Supporting this I have a fairly simple folder structure of
\photos \ shoot description
Because I rely on tags in the software I don't really need too much hierarchical organisation and IMO hierarchies are the wrong tool for the job anyway because a photo will naturally fit into multiple categories but a hierarchy only lets you express one.
I think the short version of the answer is "Tag everything" - doing it on import isn't that painful and means you can finds it later, but going back through gigabytes of history to add the tags is a soul destroying task.
For managing larger collections, 25,000 - 250,000 images, you just can't beat DBGallery (www.DBGallery.com). It's tagging and search support is excellent, and has numerous other tools for organizing a larger collection.
More specifically, here are the main ways this software is used to make larger collection manageable:
1) Logical Views. Explore your collections by year and month, by camera, keywords, photographer, and dozens of others. Basically it slices any data it has on images and lets you explore based on the results.

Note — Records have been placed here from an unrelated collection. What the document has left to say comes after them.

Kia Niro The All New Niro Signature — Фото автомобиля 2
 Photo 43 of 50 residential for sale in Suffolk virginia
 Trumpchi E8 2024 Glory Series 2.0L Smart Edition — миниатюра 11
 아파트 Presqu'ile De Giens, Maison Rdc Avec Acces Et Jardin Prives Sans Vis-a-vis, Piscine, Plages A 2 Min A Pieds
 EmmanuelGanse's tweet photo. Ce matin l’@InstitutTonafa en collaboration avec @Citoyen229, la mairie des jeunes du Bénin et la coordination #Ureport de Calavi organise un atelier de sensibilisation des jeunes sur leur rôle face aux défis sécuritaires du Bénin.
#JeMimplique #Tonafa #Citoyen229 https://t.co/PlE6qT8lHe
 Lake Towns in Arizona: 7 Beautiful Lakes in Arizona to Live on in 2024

2) Virtual Sets. Over time most want to have a collection of "greatest skiing photos", or "photos that coulxd go in a calender". Of course copying images around folders is no way to do this. Virtual Collections simply point back to the original photos (they can be called anything, Light Boxes, Buckets, etc.). Doing this has extra goodness because if tags are added to the original photo or the photo is modified the Virtual Set is instantly updated as well.
3) Tagging tools. Examples include Data Templates, editing any number of images at once, and smart options such as a retrieving the data from the previously saved photo via a keystroke.
4) Great seach capabilities. Search all data for a photo, fine tune a search by searching jsut specific data fields such keywords/title/author. Also get all photos which were imported, viewed, or last updated recently, e.g. show all photos added in the past week; show all updated today; etc.
5) Will find duplicate images across the entire collection.
6) Has been tested with hundreds of thousands of images.
Also very important: this is an open system, where you can move photos to other tools or stop using DBGallery altogether...your data is still there because it's written directly to the file, not just the database.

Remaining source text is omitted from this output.